::: Source material :::

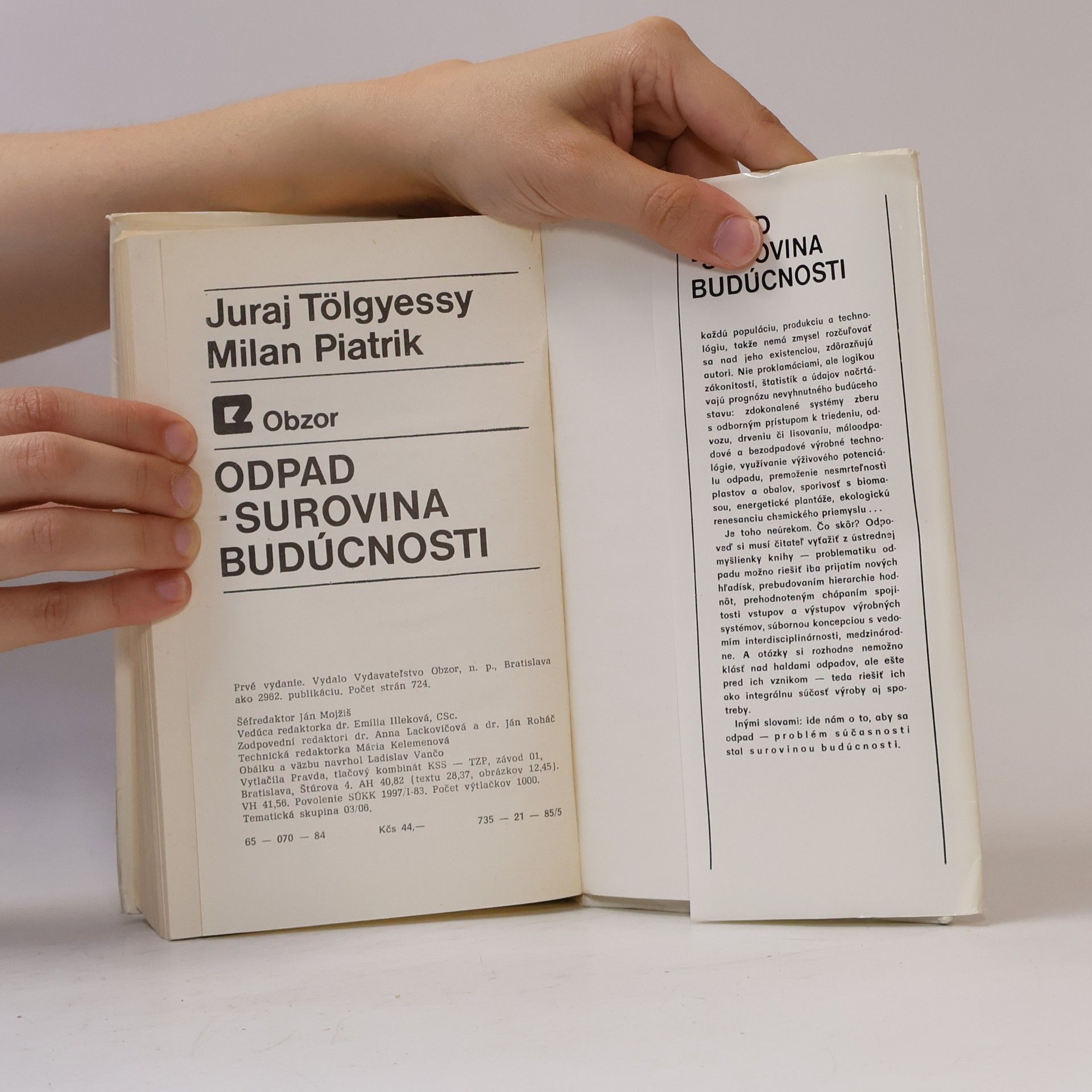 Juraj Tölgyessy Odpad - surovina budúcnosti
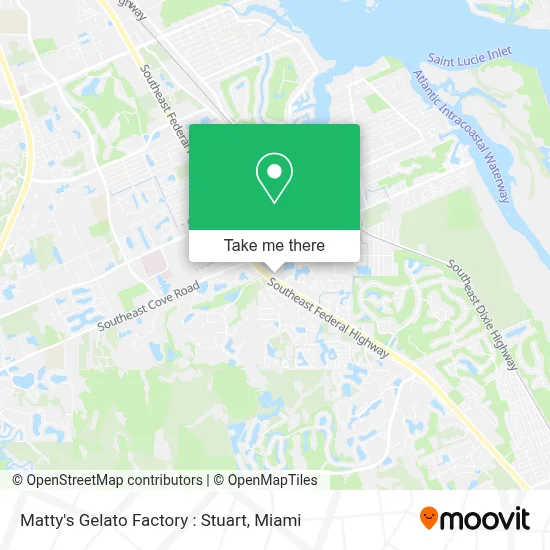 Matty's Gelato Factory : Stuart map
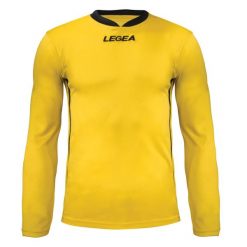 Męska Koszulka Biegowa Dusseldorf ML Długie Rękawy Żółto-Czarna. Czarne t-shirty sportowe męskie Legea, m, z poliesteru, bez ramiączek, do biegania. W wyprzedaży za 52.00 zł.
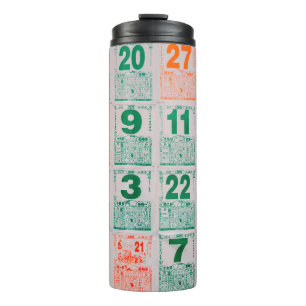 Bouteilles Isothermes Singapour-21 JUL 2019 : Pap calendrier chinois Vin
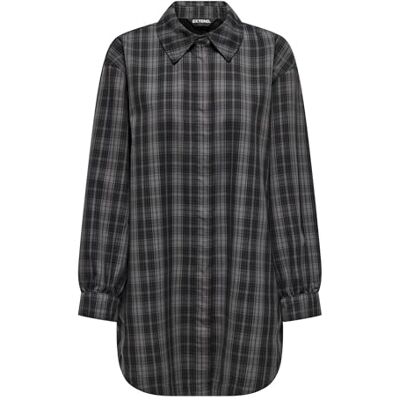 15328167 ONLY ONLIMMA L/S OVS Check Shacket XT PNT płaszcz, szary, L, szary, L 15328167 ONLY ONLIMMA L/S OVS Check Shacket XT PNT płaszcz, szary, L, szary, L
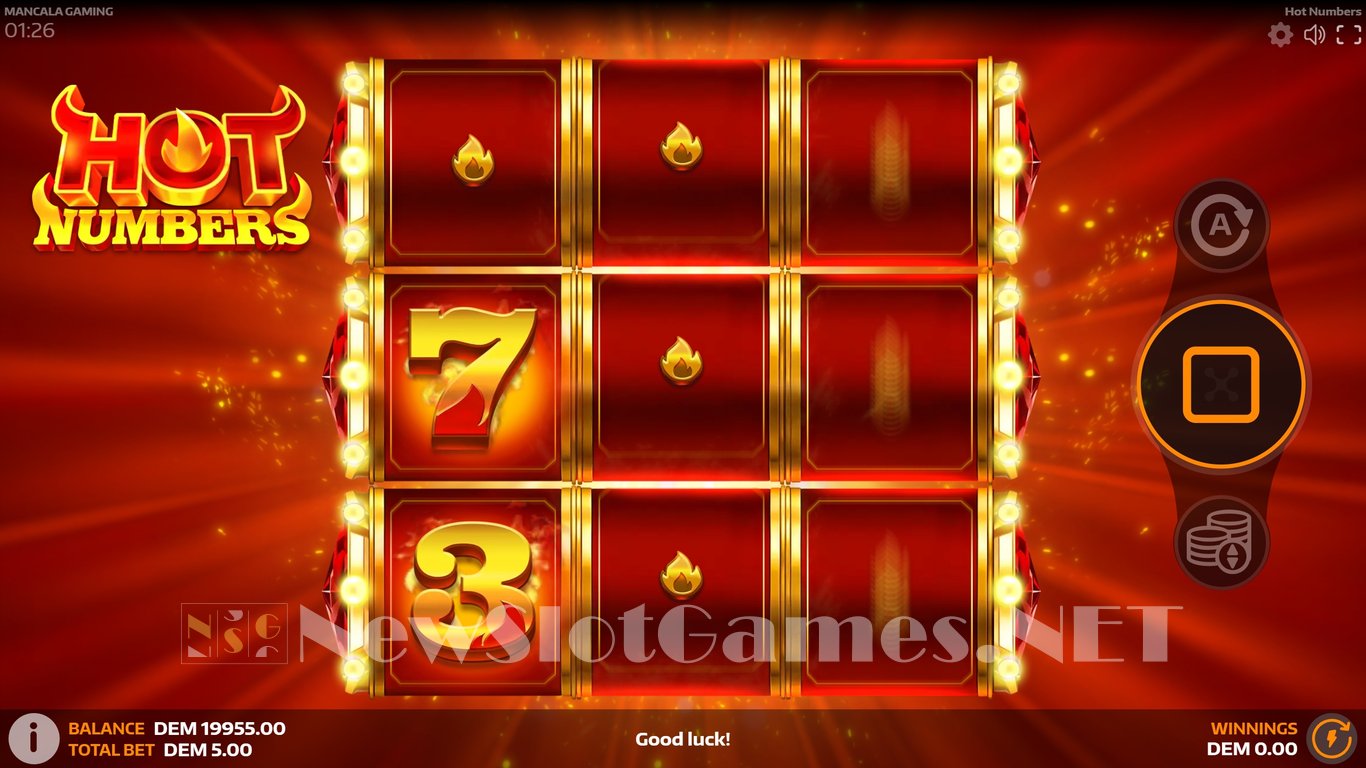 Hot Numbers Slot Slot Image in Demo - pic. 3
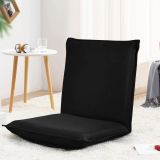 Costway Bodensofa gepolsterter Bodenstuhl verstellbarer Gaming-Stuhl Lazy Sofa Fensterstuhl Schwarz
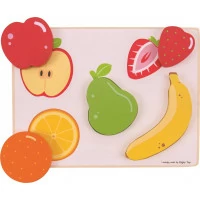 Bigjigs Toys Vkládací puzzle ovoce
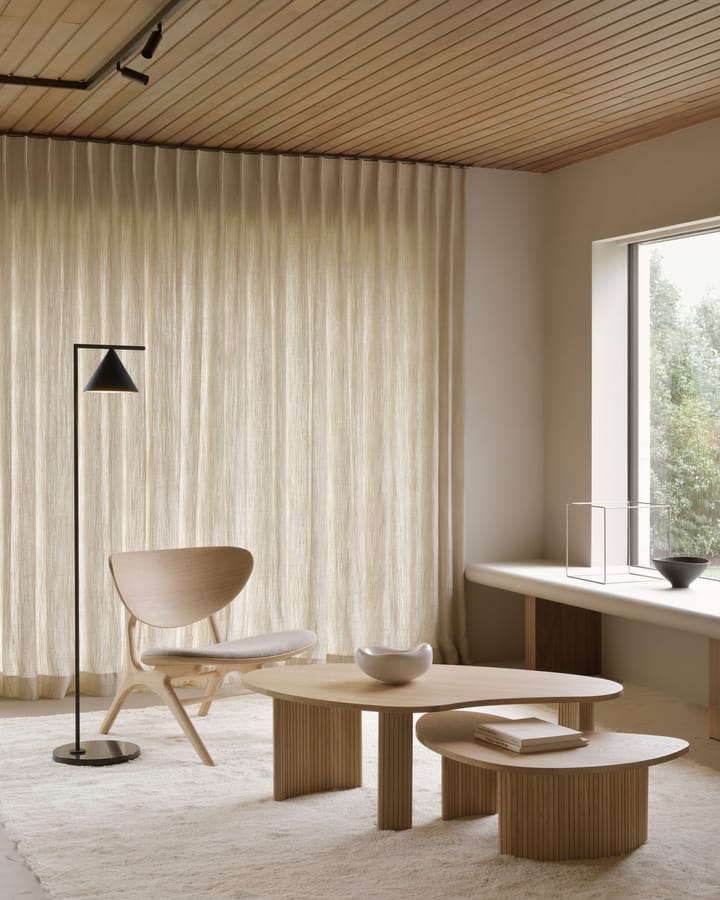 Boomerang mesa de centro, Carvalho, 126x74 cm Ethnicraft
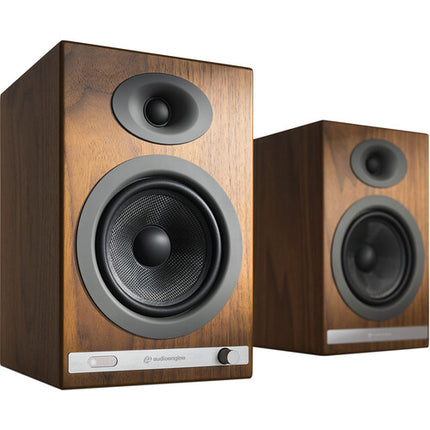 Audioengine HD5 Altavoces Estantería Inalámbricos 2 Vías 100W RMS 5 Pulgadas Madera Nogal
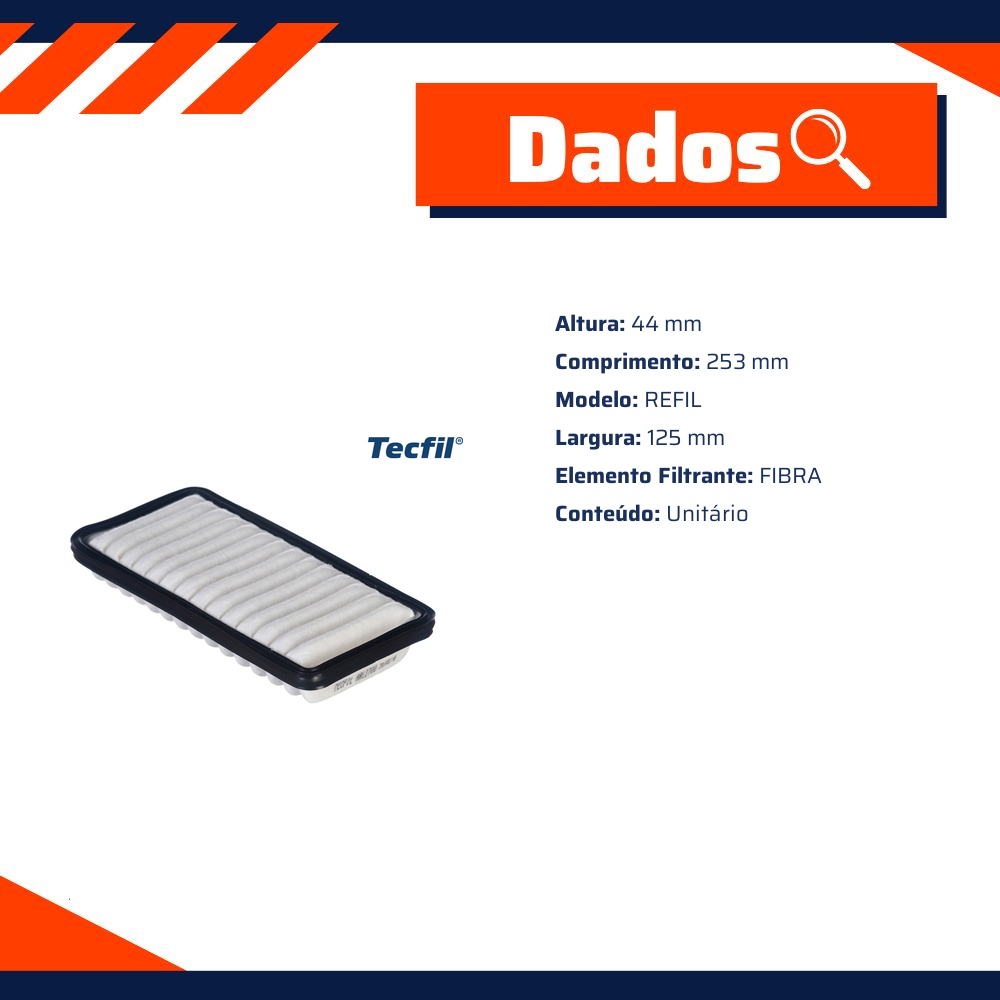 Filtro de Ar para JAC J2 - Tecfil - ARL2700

:::

**Exercise:** Extract only the lines from the one that contains "Hot Numbers Slot Slot Image in Demo - pic. 3" through the end of the records, inclusive, and omit every picture.

**Task answer:**
 Hot Numbers Slot Slot Image in Demo - pic. 3
 Costway Bodensofa gepolsterter Bodenstuhl verstellbarer Gaming-Stuhl Lazy Sofa Fensterstuhl Schwarz
 Bigjigs Toys Vkládací puzzle ovoce
 Boomerang mesa de centro, Carvalho, 126x74 cm Ethnicraft
 Audioengine HD5 Altavoces Estantería Inalámbricos 2 Vías 100W RMS 5 Pulgadas Madera Nogal
 Filtro de Ar para JAC J2 - Tecfil - ARL2700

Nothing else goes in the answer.